Yes, you can order the installation and configuration of this configuration on your equipment using the link.
1. Install the necessary packages
apt update
apt install python3 python3-pip ffmpeg unzip rename
apt install python3.11-venv
python3 -m venv .venv
2. Install the Vosk utility
source .venv/bin/activate
pip3 install vosk
3. Downloading the model
cd /opt
wget https://alphacephei.com/vosk/models/vosk-model-ru-0.42.zip
unzip vosk-model-ru-0.42.zip
Note 1: In our case, we chose the full model, if the server configuration has less than 8 GB of RAM, then this model will not work and will give an error:
In this case, download the minimum version of the model, as it is less demanding on server resources:
cd /opt
wget https://alphacephei.com/vosk/models/vosk-model-small-ru-0.22.zip
unzip vosk-model-small-ru-0.22.zip
4. Use the following command syntax to check if it works
vosk-transcriber -i audio_file -o text_file -m path_to_model
vosk-transcriber -i /root/test.mp3 -o /root/test.txt -m /opt/vosk-model-ru-0.42
For the minimum model, respectively:
vosk-transcriber -i /root/test.mp3 -o /root/test.txt -m /opt/vosk-model-small-ru-0.22
If you have several files, we found and used the following script on the Internet, which allows you to process the entire folder with audio files and translate all of them into text automatically, you just have to wait for the processing to complete:
touch transcribe.sh
chmod +x transcribe.sh
nano transcribe.sh
#!/bin/bash
errmsg="USAGE: sh transcribe.sh SRCPATH DSTPATH VOSKMODELPATH"
if [ $1 ]; then
srcpath=$1
echo "SOURCE PATH: $srcpath"
else
echo "No source path entered" >&2
echo $errmsg
exit 2
fi
if [ $2 ]; then
dstpath=$2
echo "DESTINATION PATH: $dstpath"
else
echo "No destination path entered" >&2
echo $errmsg
exit 2
fi
if [ $3 ]; then
modelpath=$3
echo "VOSK MODEL PATH: $modelpath"
else
echo "No VOSK language model path entered" >&2
echo $errmsg
exit 2
fi
startdate=$(date)
find $srcpath -name "* *" -type f | rename 's/ /_/g'
## remove spaces from filenames in target directory
famount=$(find $srcpath -type f | wc -l) ## counting the number of files
echo "Found $famount files"
i=0;
for f in $srcpath/*; do
i=$(( $i + 1 ))
echo "Transcribing ${f##*/} ($i/$famount)"
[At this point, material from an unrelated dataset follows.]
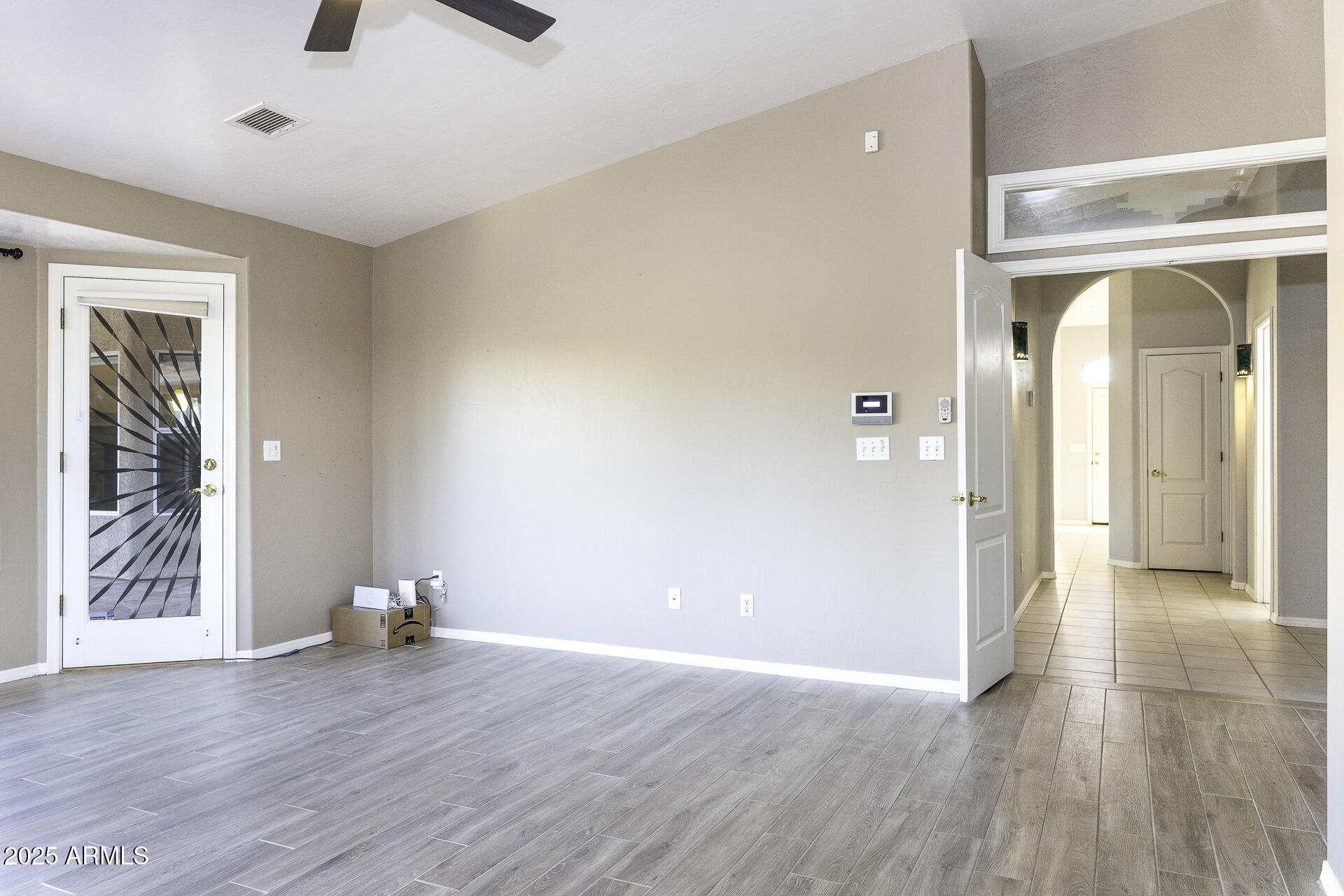 S30 T5S R7E - Residential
vosk-transcriber -m $modelpath -i $srcpath/${f##*/} -o $dstpath/${f##*/}.txt >/dev/null 2>&1 ;
## remove >/dev/null 2>&1 to display recognition status
## rm $srcpath/${f##*/} ## uncomment to remove the original file
done
fready=$(find $dstpath -type f | wc -l)
echo "DONE. Transcribed $fready of $famount files"
enddate=$(date)
echo STARTED AT: ${startdate}
echo ENDED AT: ${enddate}
Syntax for using the script:
sh transcribe.sh path_to_sources_files path_to_result path_to_model
sh transcribe.sh /root/audio/ /root/text/ /opt/vosk-model-ru-0.42/
Note 2: If you logged into the server via ssh again, then the vosk-transcriber command will be available after you activate the Python virtual environment, so the transcription start sequence will be as follows:
source .venv/bin/activate
vosk-transcriber -i /root/test.mp3 -o /root/test.txt -m /opt/vosk-model-ru-0.42/
To process an entire folder:
sh transcribe.sh /root/audio/ /root/text/ /opt/vosk-model-ru-0.42/
More language models are available for link, it is necessary to download and unpack by analogy described in paragraph 3.
The server for translating audio files into text is ready to use. The quality of translation depends on the clarity of pronunciation and the quality of the recording itself, for example, when processing an audio fragment from an interview, it is noticeably higher than when processing a musical song.